During the post-World War II and post-Korean War era, the college saw a greater need for cooperative operations with other navies and established multiple enduring initiatives: the Naval Command Course for senior international officers in 1956, the Naval Staff College for intermediate-level international officers in the 1970s, and the convening of regular biennial meetings of the world’s chiefs of navies in the International Sea Power Symposia from 1969 onward.
In the 1950s, the Naval War College curriculum adapted to meet the circumstances Cold War period. Chairs were established to emphasize the attention given to international relations, maritime strategy, military and diplomatic history, international law, and economics. The influence of rapidly changing technology was further recognized in the establishment of military chairs, occupied by senior officers especially qualified in such areas as submarine warfare, electronic warfare, air warfare, amphibious warfare, and surface warfare. The student body grew, with substantial student representation from the U.S. Army, Marine Corps, Air Force, Coast Guard, and many mid-career professionals from civilian agencies, representation also reflected in the faculty.

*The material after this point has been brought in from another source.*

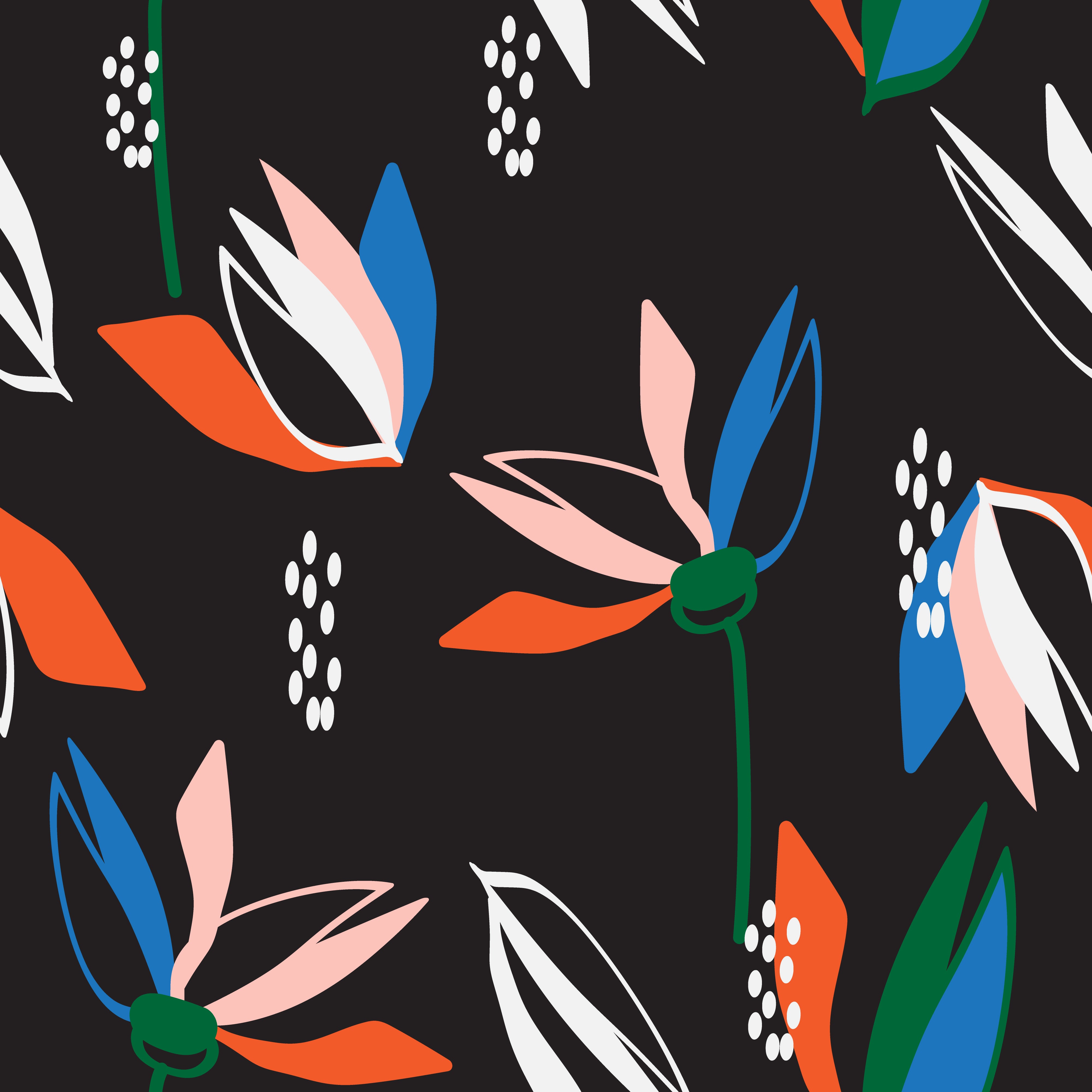 Abstract/Floral Digital Print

In 1972, under the leadership of Vice Admiral Stansfield Turner, significant changes were instituted, including sharpening the curriculum’s focus on three academic areas. Over time, the names of the courses have changed slightly, but Turner’s general concept has remained constant for more than 35 years—concentrating on strategy and policy, national security and decision-making, and joint military operations.

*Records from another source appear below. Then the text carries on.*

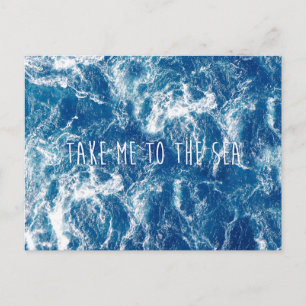 Take me to the sea postcard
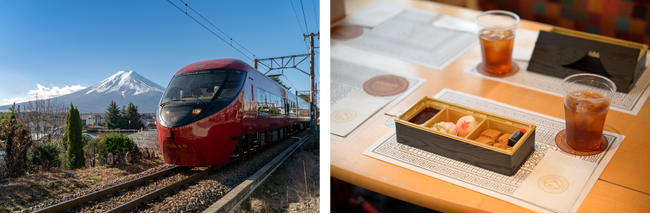 富士山麓から世界へ発信！「移動」そのものが目的地に。富士急行線「富士山ビュー特急」が、老舗和菓子と奏でる新たな観光体験 | 訪日外国人向け「和スイーツ」プラン2025年11月4日より販売開始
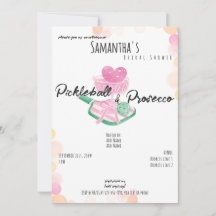 Baloncesto y Prosecco Parejas Retro Ducha de Novia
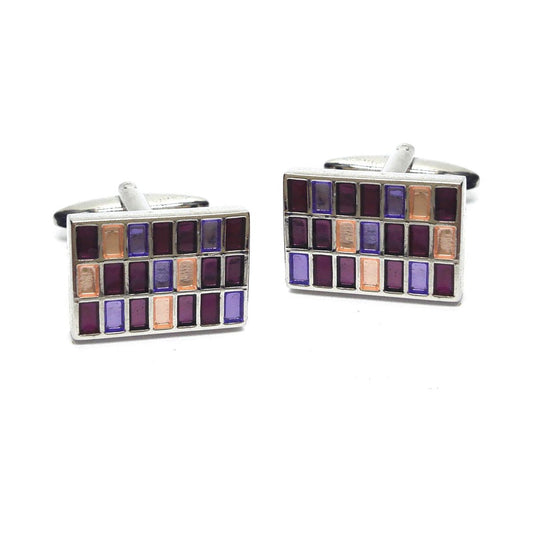 Purples Rectangle Classic Cufflinks - Ashton and Finch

During this time, the NWC also established a full-time, highly qualified teaching civilian and military faculty, adopted case study methodology and a more rigorous curriculum, and emphasized individual student effort. Concurrently, student selection criteria became more stringent.
In 1981, nearly a century after Stephen B. Luce founded the Naval War College as “a place of original research on all questions relating to war and the statesmanship connected with war, or the prevention of war,” the Center for Naval Warfare Studies was established for broadly based, advanced research on the naval contributions to national strategy. The center’s work informs and stimulates the faculty and students in the classroom as well as helping to link the college to the fleet and policy makers in Washington.
The college contributed substantially to the thinking behind the “Maritime Strategy” of the 1980s and the conduct of the Gulf War in 1990–91. In 1990, the Naval War College became the first of the nation’s staff and war colleges to reach academic standards that allowed for formal academic accreditation, leading to the authority to award its students a Master of Arts degree in national security and strategic studies.